Moving on as the Real You

So where do I, do we go from here? We make choices that feel at home with ourselves and honor the talents within us, taking one thing at a time. We really feel our feelings and tend to them the way we do for our children. A common phrase in my head starts with, “Jessie my love…,” when I am hurting. We can also bear witness to harmful behaviors of others, hold them accountable, and refuse to lose ourselves by meeting fear with fear.

It is entirely possible to live a beautiful life, full of hardship and joy at the same time. This is the way; walk through pain, hold it close, honor your worth, and rise above. When you have risen you have the talent and strength to ask those harming others to stop and leave. This creates a more beautiful world for you, your children, and everyone around you.

I believe each of us has a chance to do this every single day on both a large and small scale. Can you be brave enough to walk with me? Can you imagine a world without hate and harm? Where those oppressing us are held accountable and gifted teachers guide us? I dream of it every day.  

Walk with me. Lay down what doesn’t serve you. Roots in the grass, wings in the sky. Fly away with me.

Xoxo,

Jessie

Photo credit: Jennifer O’Leary

Finding Our Roots

Finding Our Roots

Over the past two weeks, I’ve been writing to you about looking underneath the leaves of our psyche and how to slowly start overturning each leaf. As I lift my own leaves I’m reminded of my own worth and humanity. If you’ve been following me you may be thinking, “wait a second, I thought the leaves were our dark parts, how did you find self-worth under them?” I’ll tell you.

Finding Self-Worth

You see, as humans, we are all torn between two realities. In the spiritual world, this is often called the light and dark, good and evil, and so on. Whether you are spiritual or not I believe you can break this down by choosing to show up as you were created to show. You can also respond to the pain of the world and hold it as truth. The way we find ourselves is by really taking a good hard look and accepting what is there. If you know there is worth at your core, worth that could bring you endless joy, wouldn’t you want to look? 

That is where bravery comes in and if we are operating from a place that does not feel like ourselves it’s time to make a change. The scary part is that when we are willing to look at any single thing keeping us from our true selves we know we are facing loss. There’s this piece of the bible (not to get all spiritual twice now…) about not serving more than one God. I wrote last week about the different things that can keep me from me, so not serving more than one God rang close to home. But to me, God isn’t high in the sky. She is deep in my core. She is me.  When I do things in the world as though they have a higher value than me I’m lost. Knowing that my one truth is to never abandon myself again I have to be willing to lose things of the earth if the cost of keeping them is me.

So, how do we know if what we’re serving is working towards our highest good?

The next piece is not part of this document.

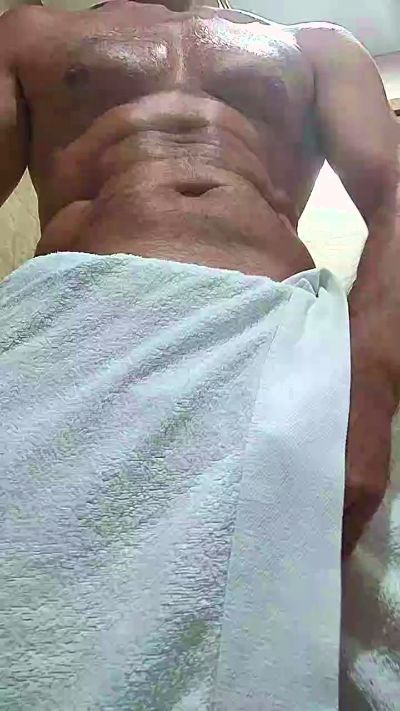 tonytuga live cam on Cam4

We need to ask the questions “are we making the best choices for ourselves?” and “are those choices bringing us closer to or farther away from ourselves?”

Working Towards Our Best Selves

For me, it’s twofold. I believe that in our truest form we cannot inflict pain on ourselves or another. That we are all innately good. This is the first piece and hard as hell to learn.  Because if we are all innately good, then we need to practice the principles of, “do no harm,”  or “not to me, not to you, not to anyone”? This is how I navigate all of my decisions and I believe if we all did this the world would radically change overnight. I know it. In being committed to doing no harm to myself it means I have to honor myself and am unwilling to attack my sisters and brothers who walk this world with me.  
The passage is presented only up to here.